WHAT THE TASK REQUIRES >> Repeat every record exactly as written, but leave out the pictures.

--------

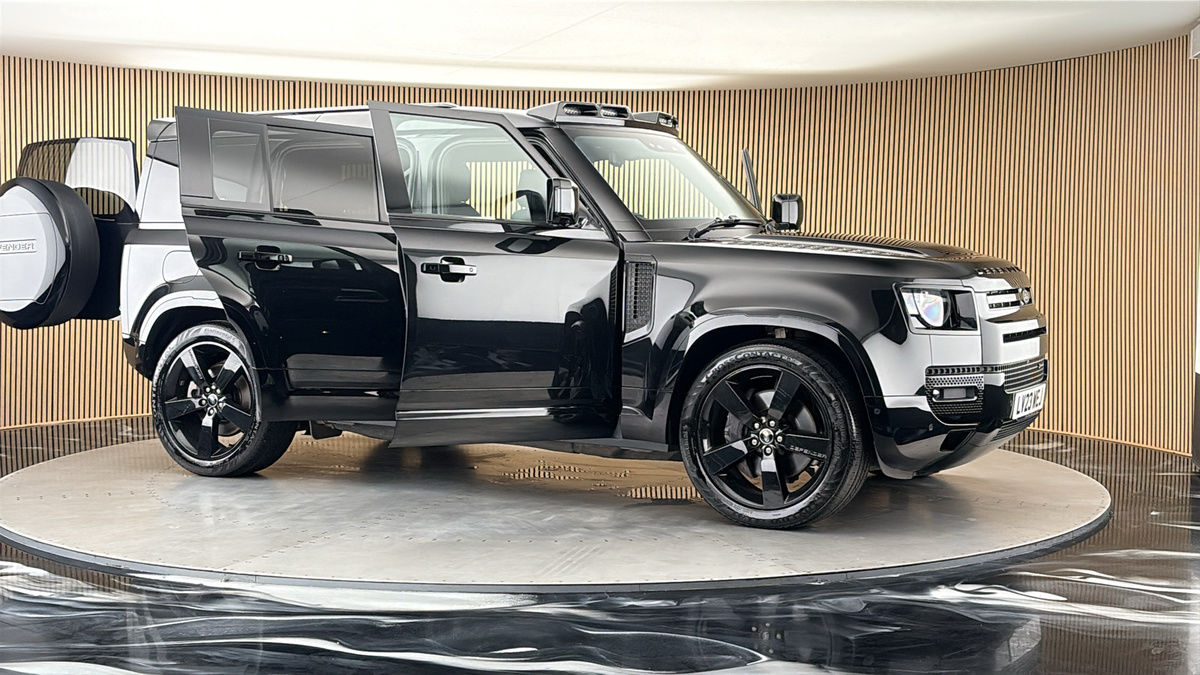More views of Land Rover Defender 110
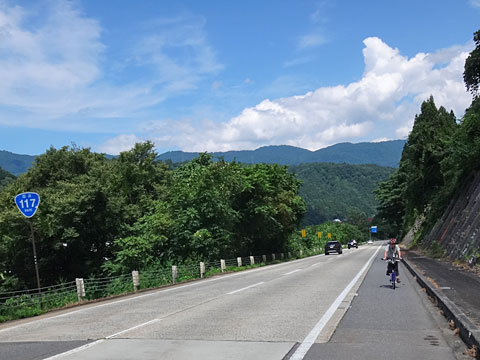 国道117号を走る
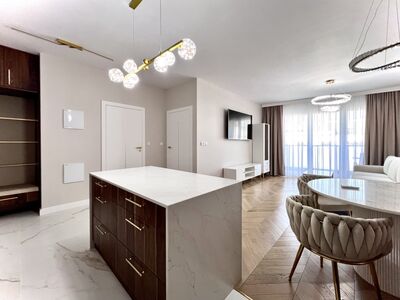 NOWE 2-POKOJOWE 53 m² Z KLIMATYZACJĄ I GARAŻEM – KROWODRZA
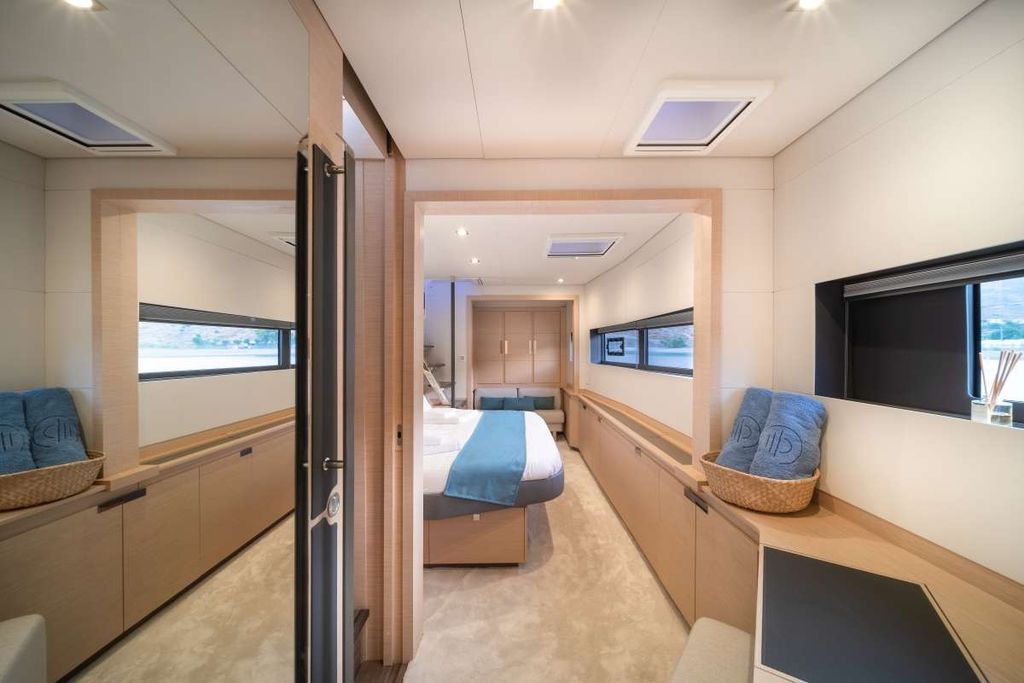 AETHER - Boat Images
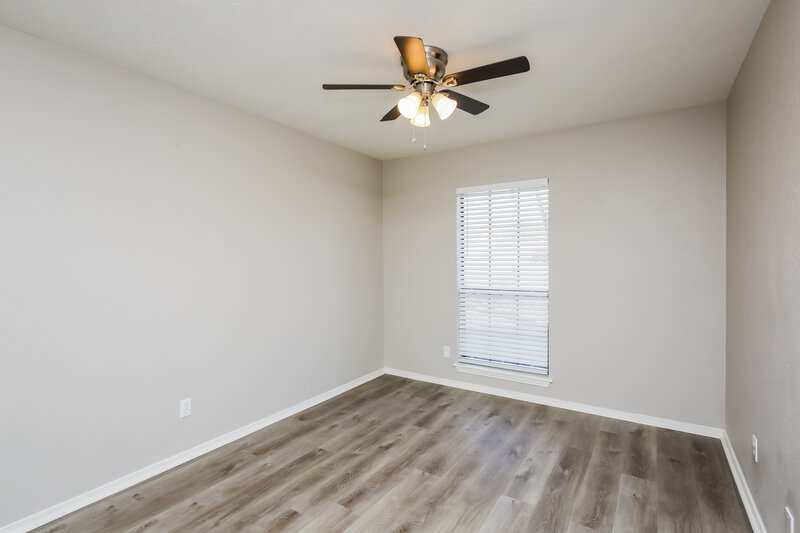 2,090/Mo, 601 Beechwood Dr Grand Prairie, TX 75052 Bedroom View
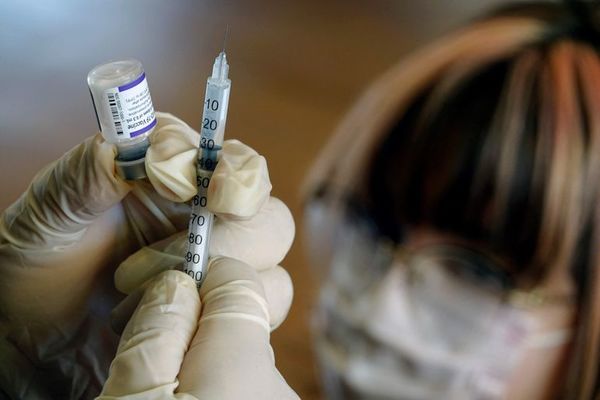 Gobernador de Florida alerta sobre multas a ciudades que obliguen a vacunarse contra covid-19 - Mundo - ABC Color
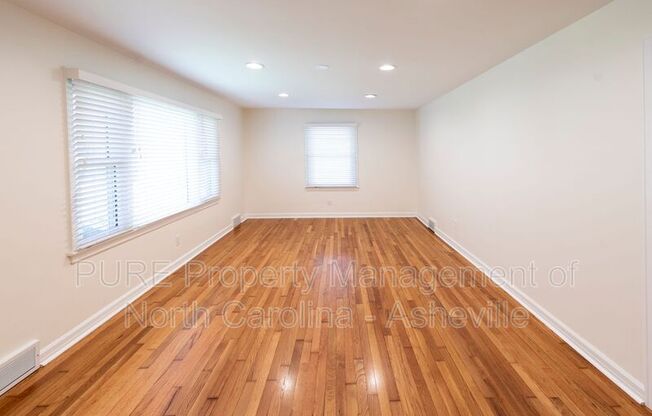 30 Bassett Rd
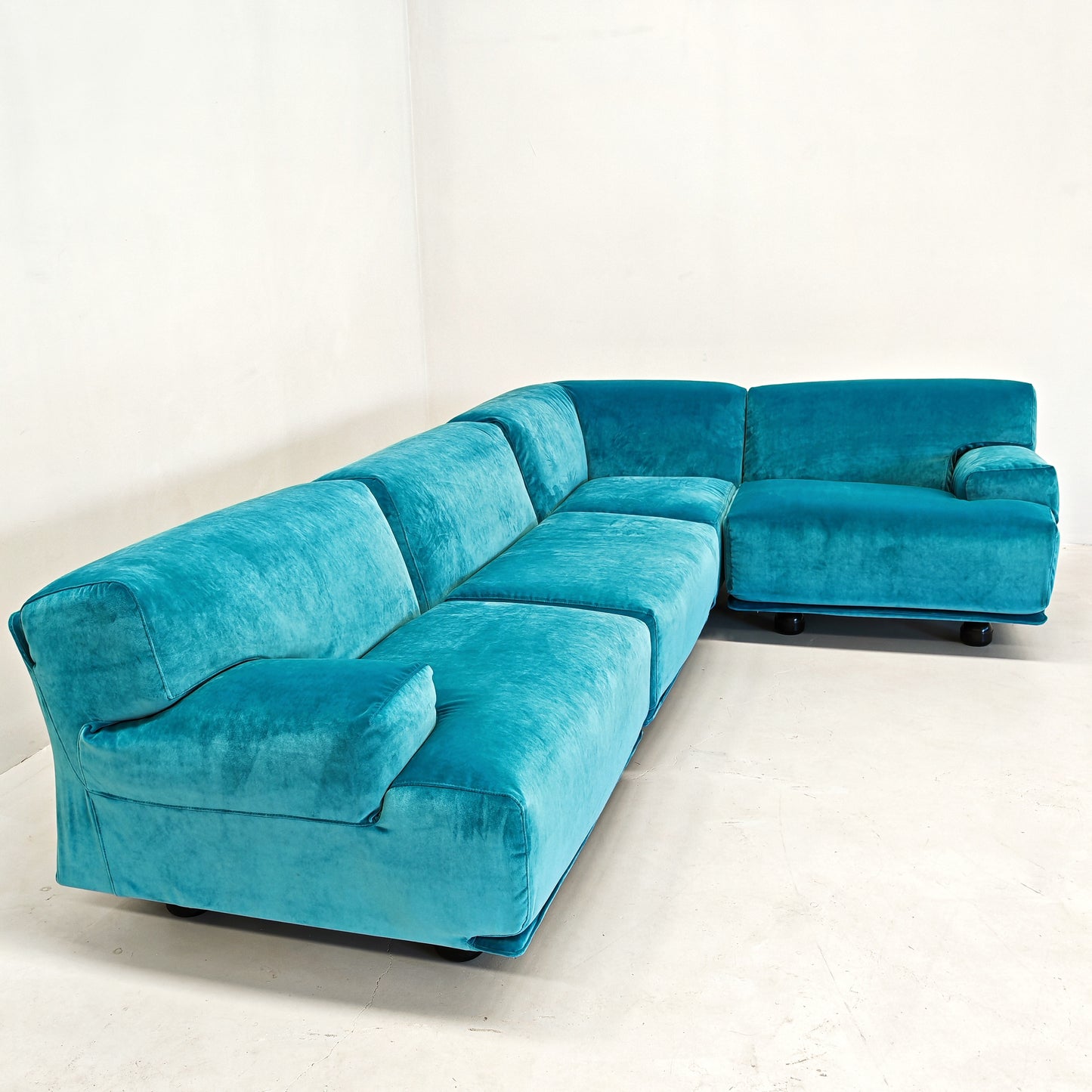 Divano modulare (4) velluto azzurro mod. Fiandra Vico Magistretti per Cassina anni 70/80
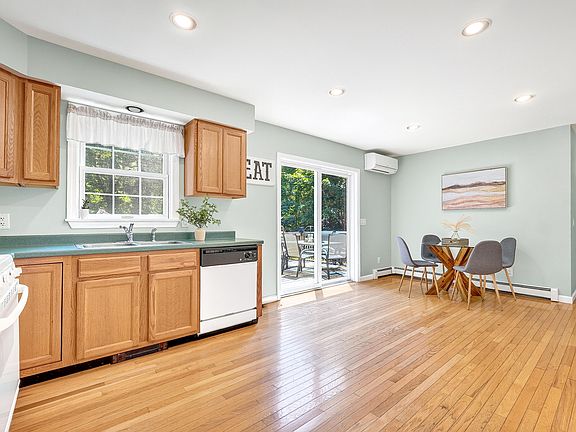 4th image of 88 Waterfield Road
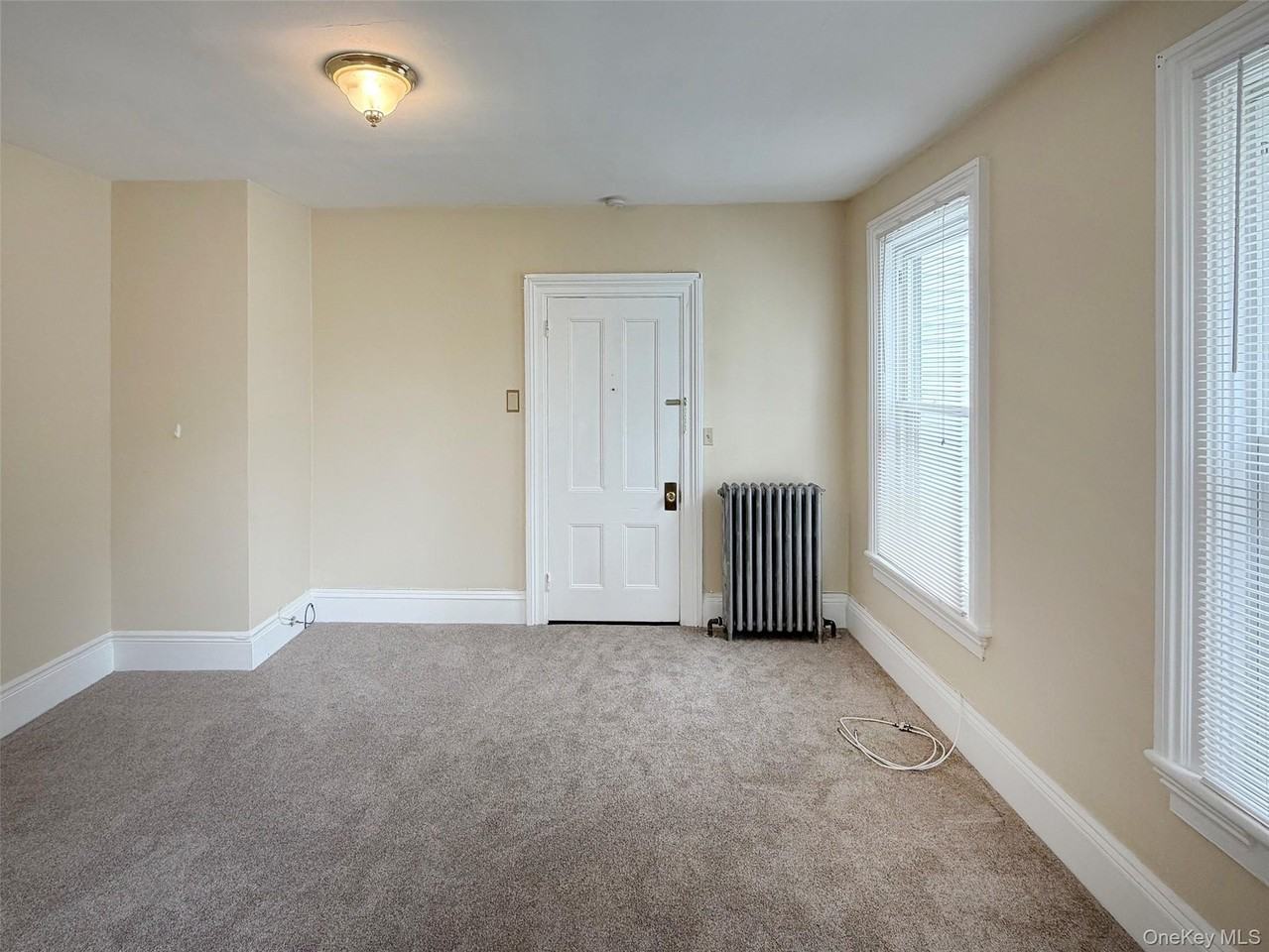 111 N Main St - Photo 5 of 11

--------

SOLUTION BELOW >>
More views of Land Rover Defender 110
 国道117号を走る
 NOWE 2-POKOJOWE 53 m² Z KLIMATYZACJĄ I GARAŻEM – KROWODRZA
 AETHER - Boat Images
 2,090/Mo, 601 Beechwood Dr Grand Prairie, TX 75052 Bedroom View
 Gobernador de Florida alerta sobre multas a ciudades que obliguen a vacunarse contra covid-19 - Mundo - ABC Color
 30 Bassett Rd
 Divano modulare (4) velluto azzurro mod. Fiandra Vico Magistretti per Cassina anni 70/80
 4th image of 88 Waterfield Road
 111 N Main St - Photo 5 of 11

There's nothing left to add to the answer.